* Exercise details: Please restate, word for word, the lines below that begin at the one with "Oficina en Alquiler en Centro, $ 550.000" and end at the one with "Конусообразная шляпа в". Leave out all other lines.

━━━━━ Records provided ━━━━━

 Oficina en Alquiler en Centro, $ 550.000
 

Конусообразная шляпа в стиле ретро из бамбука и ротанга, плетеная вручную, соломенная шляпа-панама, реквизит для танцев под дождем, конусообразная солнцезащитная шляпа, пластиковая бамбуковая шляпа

━━━━━
━━━━━ Records provided ━━━━━

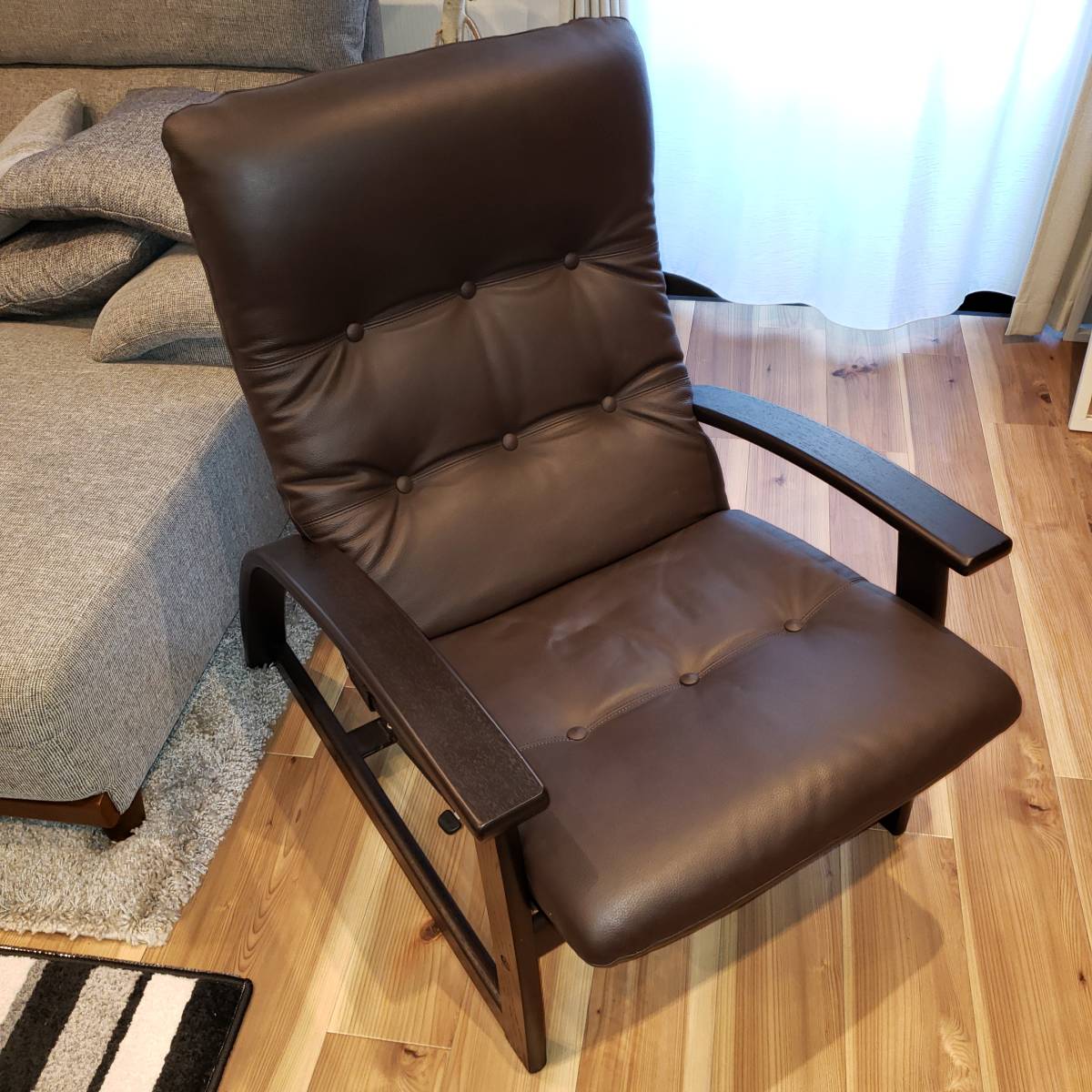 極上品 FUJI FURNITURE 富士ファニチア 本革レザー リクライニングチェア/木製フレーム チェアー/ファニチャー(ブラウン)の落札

━━━━━
━━━━━ Records provided ━━━━━

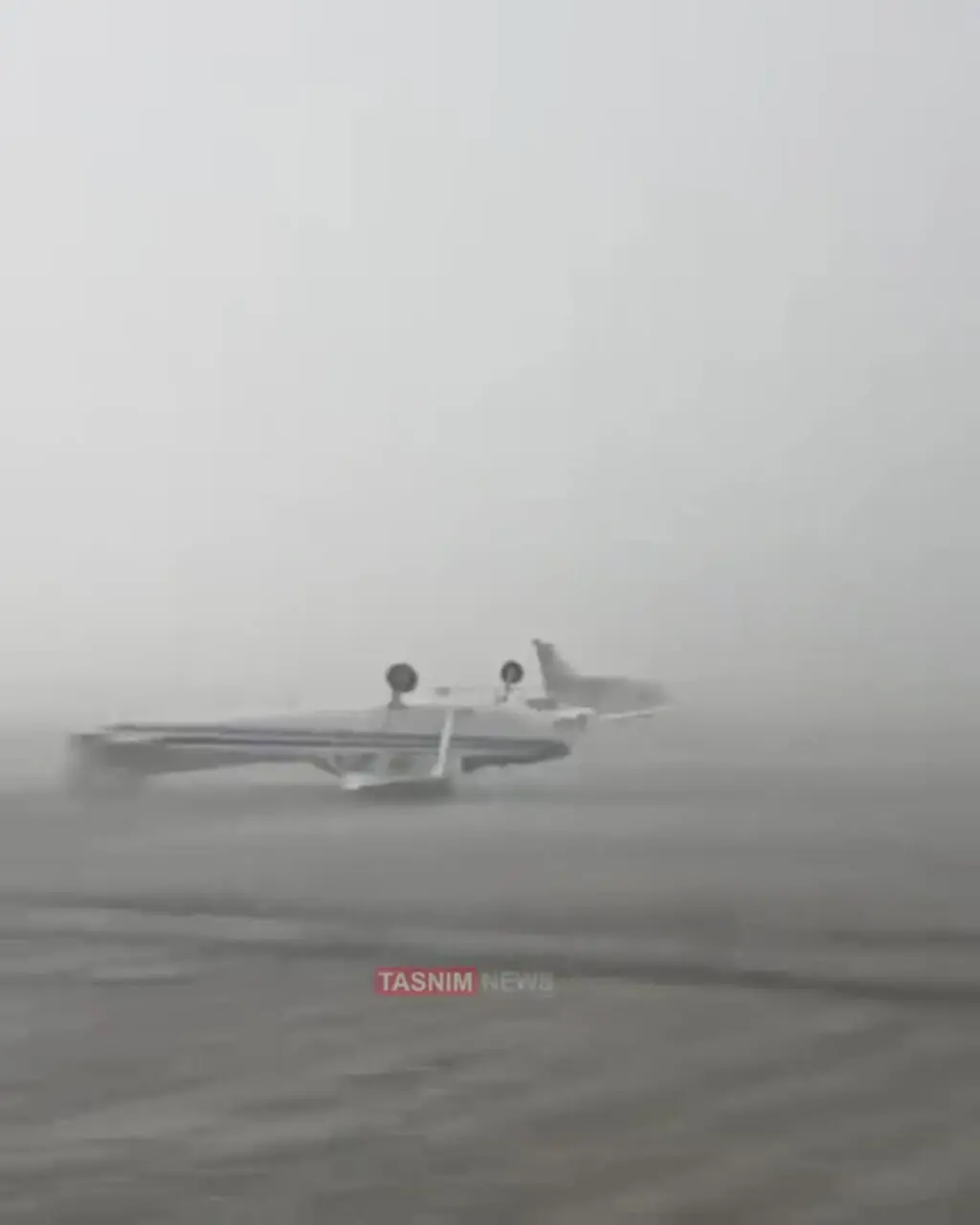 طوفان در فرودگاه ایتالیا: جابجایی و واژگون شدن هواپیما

━━━━━

* Exercise output:
 Oficina en Alquiler en Centro, $ 550.000
 

Конусообразная шляпа в стиле ретро из бамбука и ротанга, плетеная вручную, соломенная шляпа-панама, реквизит для танцев под дождем, конусообразная солнцезащитная шляпа, пластиковая бамбуковая шляпа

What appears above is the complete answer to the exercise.